Prompt | What lines of the data below include the word "producto"? Report them by copying each.

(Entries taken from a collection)
◆ ◆ ◆ ◆
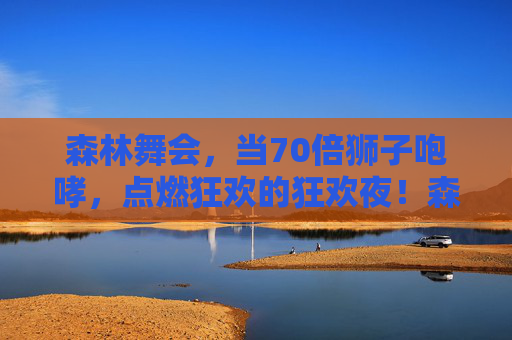 森林舞会，当70倍狮子咆哮，点燃狂欢的狂欢夜！森林舞会，70倍狮吼点燃狂欢夜！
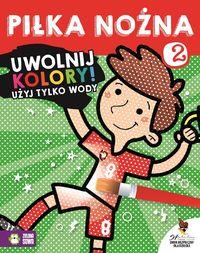 UWOLNIJ KOLORY. PIŁKA NOŻNA 2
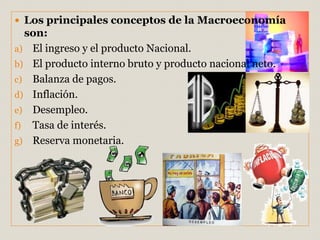  Los principales conceptos de la Macroeconomía
son:
a) El ingreso y el producto Nacional.
b) El producto interno bruto y producto nacional neto.
c) Balanza de pagos.
d) Inflación.
e) Desempleo.
f) Tasa de interés.
g) Reserva monetaria.
 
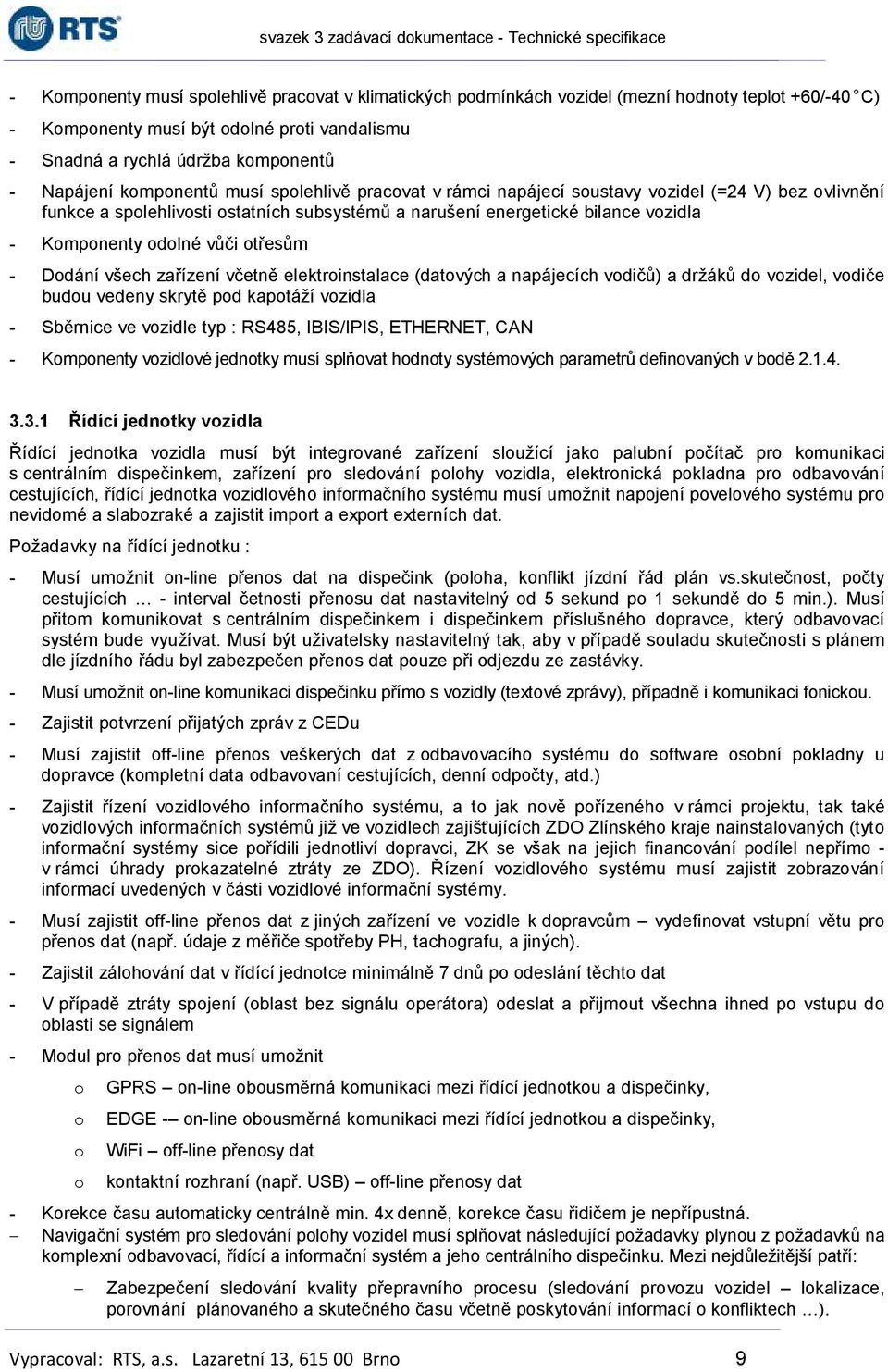 otřesům - Dodání všech zařízení včetně elektroinstalace (datových a napájecích vodičů) a držáků do vozidel, vodiče budou vedeny skrytě pod kapotáží vozidla - Sběrnice ve vozidle typ : RS485,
◆ ◆ ◆ ◆
Answer for this exercise |
a) El ingreso y el producto Nacional.
b) El producto interno bruto y producto nacional neto.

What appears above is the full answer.